L’activité de l’ensemble de ces secteurs reste liée à la conjoncture pétrolière, directement ou par l’intermédiaire des dépenses publiques. Dans ce contexte de faible diversification, et compte tenu du rôle central de la production gazière, le repli de l’activité a été modéré en 2020 (-3,6% contre -4,9% en moyenne pour le CCG), mais le rebond a aussi été plus limité en 2021 (1,6% contre 2,6%).
En 2022, la croissance devrait accélérer (3,3%), mais elle demeurera largement en deçà du reste de la région (+6%). La production de pétrole devrait être marginalement en baisse en raison du déclin naturel de la production des champs existants. En revanche, la production totale de gaz naturel devrait être en légère hausse. Les exportations de gaz naturel liquéfié (GNL) étaient en hausse de 2% (en g.a.) en T1 2022 et ont atteint 46,5 millions de tonnes (m.t.).
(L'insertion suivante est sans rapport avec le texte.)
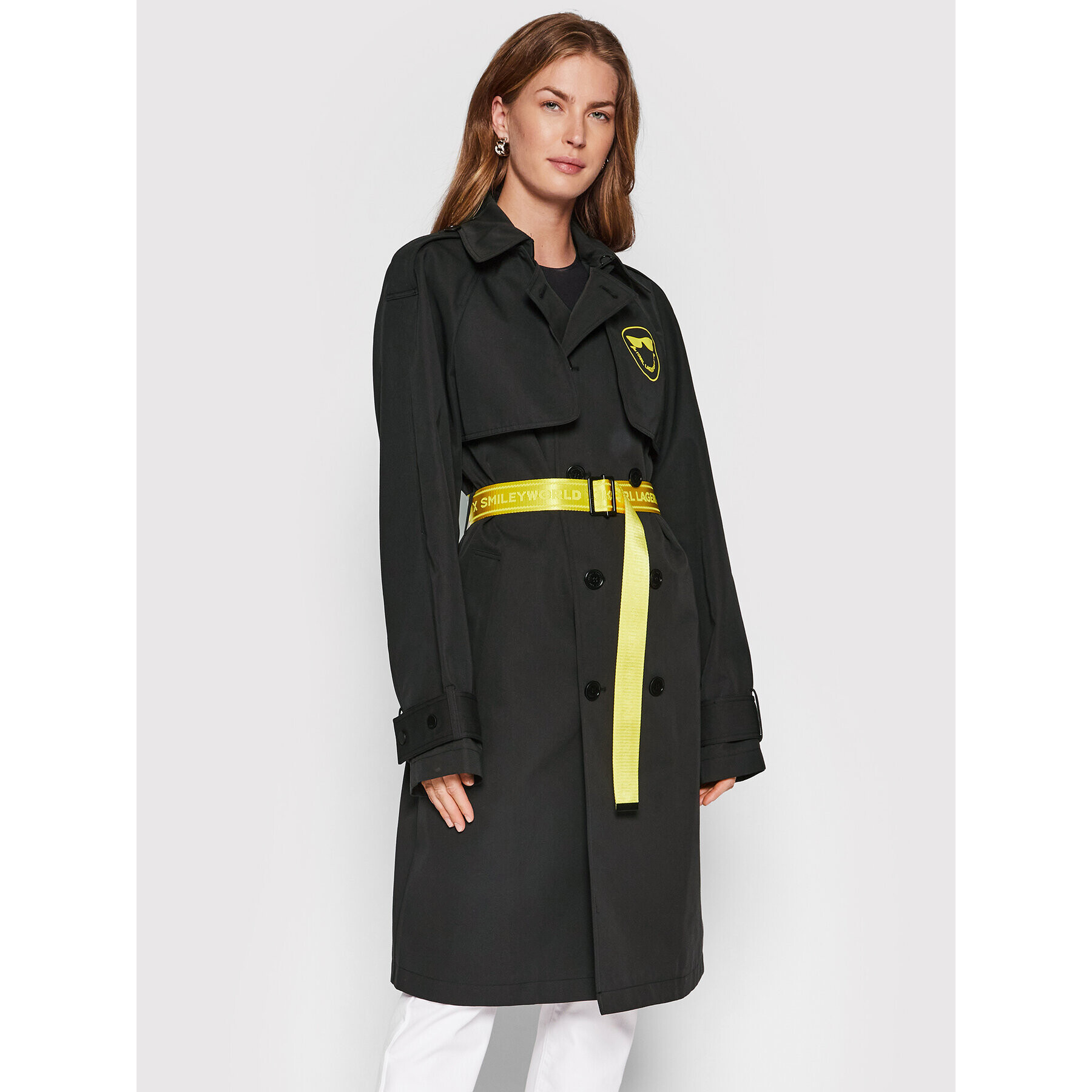 KARL LAGERFELD Trench SMILEY WORLD 221W1581 Negru Regular Fit - Pled.ro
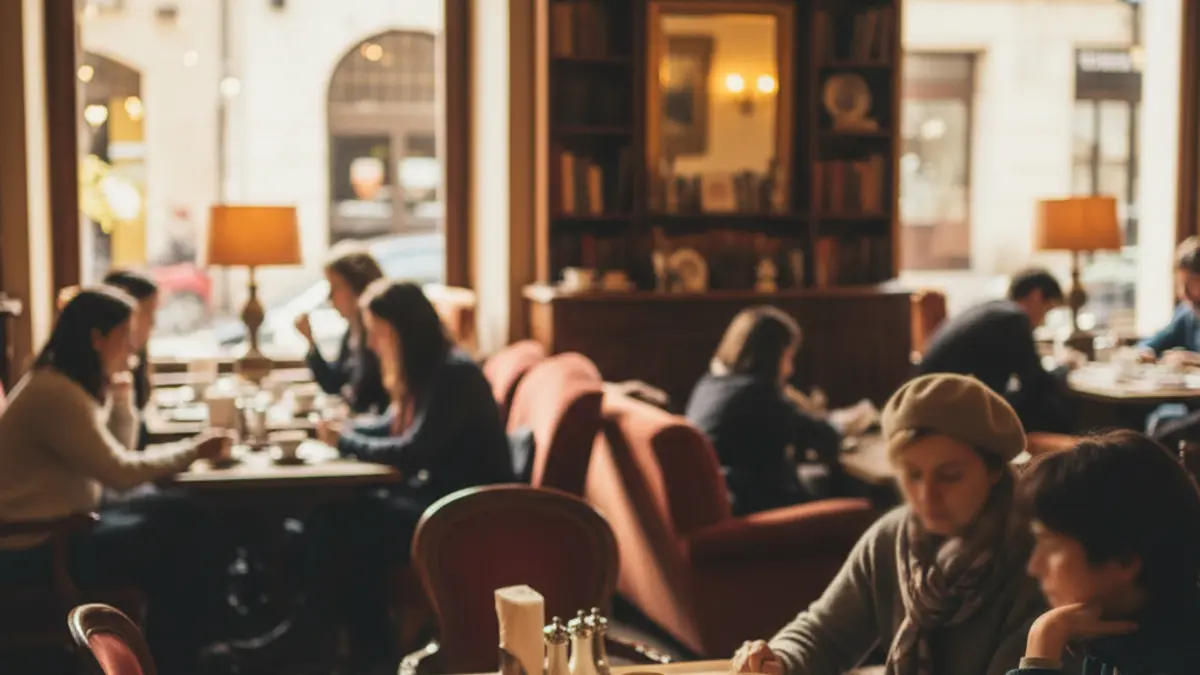 Imaxe xenérica dunha cafetería acolledora con luz cálida.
La hausse des exportations vers l’Europe (+1,1 m.t.) et vers l’Asie (+0,7 mt) a été partiellement compensée par la baisse de la demande américaine (-1,1 m.t.). La forte hausse actuelle de la demande européenne de gaz ne peut être que partiellement satisfaite car plus de 90% des exportations sont dirigées vers l’Asie selon des contrats d’approvisionnement de long terme. Au total, le PIB hydrocarbure devrait progresser de 2% cette année.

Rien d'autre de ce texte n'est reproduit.